Herr Müller, warum wählten die Alliierten Dresden als Ziel aus?

Dresden war eine der großen Städte des Deutschen Reiches und stand schon früh auf der Zielliste der Alliierten. Nach Auffassung von Marschall Arthur Harris, dem Chef des britischen Bomberkommandos, hatte man anders als im Ersten Weltkrieg mit der Bomberflotte nun die Waffe, das Potenzial des Gegners zu zerstören – und das ohne verlustreichen Stellungskrieg. Große Städte und Rüstungszentren waren dann die bevorzugten Ziele. Dass Dresden so spät im Verlauf des Krieges angegriffen wurde, hing auch damit zusammen, dass die Begleitjäger der Bomberflotte anfangs nicht die Möglichkeit hatten, so weit nach Osten zu fliegen. Das veränderte sich erst 1944.

Welche strategische Bedeutung hatte die Stadt?

Ende 1944 rückte Dresden auf der Zielliste nach vorn. Stalin war im Zuge seiner Offensive von der Weichsel an die Oder ins Deutsche Reich vorgedrungen. Die Rote Armee erwartete von den übrigen Alliierten Unterstützung. Die westlichen Alliierten, die mit ihren Truppen wegen der Ardennenoffensive der Deutschen am Rhein festsaßen, entschieden sich deshalb, mit ihrer Luftflotte im Osten anzugreifen. Dresden war als letzte intakte Großstadt ein Bollwerk an der deutschen Ostfront. Die Alliierten hielten die Bombardierung für ein wirksames Mittel, der Roten Armee zu helfen.

Der Begriff „Terrorkrieg gegen Zivilisten“ steht immer wieder im Raum. War es die Absicht der Alliierten, durch möglichst viele Opfer die Kriegsmoral der Deutschen zu brechen?

Harris war ein Verfechter des „moral bombings“, eines Bombenkriegs gegen die Zivilbevölkerung, um ihre Kriegsmoral zu brechen.
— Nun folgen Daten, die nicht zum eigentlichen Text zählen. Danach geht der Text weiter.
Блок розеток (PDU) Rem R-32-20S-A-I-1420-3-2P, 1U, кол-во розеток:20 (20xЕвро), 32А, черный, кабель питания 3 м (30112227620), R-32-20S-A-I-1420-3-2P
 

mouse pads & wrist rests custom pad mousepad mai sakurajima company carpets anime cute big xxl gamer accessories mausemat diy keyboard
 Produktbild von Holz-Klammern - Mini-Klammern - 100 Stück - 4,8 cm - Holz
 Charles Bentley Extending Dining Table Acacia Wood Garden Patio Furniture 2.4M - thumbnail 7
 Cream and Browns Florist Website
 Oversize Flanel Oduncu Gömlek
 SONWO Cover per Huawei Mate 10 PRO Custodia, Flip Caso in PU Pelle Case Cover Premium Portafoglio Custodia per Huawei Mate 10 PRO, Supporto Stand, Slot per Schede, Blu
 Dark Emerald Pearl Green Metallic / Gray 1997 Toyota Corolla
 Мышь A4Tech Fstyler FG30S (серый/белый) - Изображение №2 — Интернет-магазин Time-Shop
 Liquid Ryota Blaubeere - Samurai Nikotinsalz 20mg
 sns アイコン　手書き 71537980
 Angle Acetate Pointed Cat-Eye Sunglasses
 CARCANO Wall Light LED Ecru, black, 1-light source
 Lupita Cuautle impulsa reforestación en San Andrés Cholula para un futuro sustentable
Die Revolution vom November 1918 hatte den militärischen Zusammenbruch und einen Aufstand in Deutschland gebracht. In der Vorbereitung des Luftkrieges spielten deshalb seitens der Alliierten auch Überlegungen eine Rolle, ob man durch die Verbreitung von Angst und Schrecken in der deutschen Bevölkerung dafür sorgen kann, den November 1918 zu wiederholen.

Das trat nicht ein.

Die Alliierten gingen nach der Ausrufung des „Totalen Krieges“ durch das Nazi-Regime nicht mehr davon aus, dass die deutsche Bevölkerung von sich aus zu bewegen wäre, die Nazis von der Macht zu vertreiben. Die Alliierten unterstützten den deutschen Widerstand nicht, weil sie eine bedingungslose Kapitulation durchsetzen wollten. Sie hatten kein Interesse daran, die Nazis durch eine Oppositionsregierung zu ersetzen, um mit dieser dann in Friedensverhandlungen eintreten zu müssen und womöglich die Fehler des Versailler Vertrages zu wiederholen. Man bestand auf der vollständigen Kapitulation. Der Bombenkrieg aus der Luft verstärkte die Kriegsmüdigkeit der Deutschen, die ohnehin gegeben war. Man denke an die weißen Fahnen, die im Rheinland und Ruhrgebiet aus den Fenstern hingen.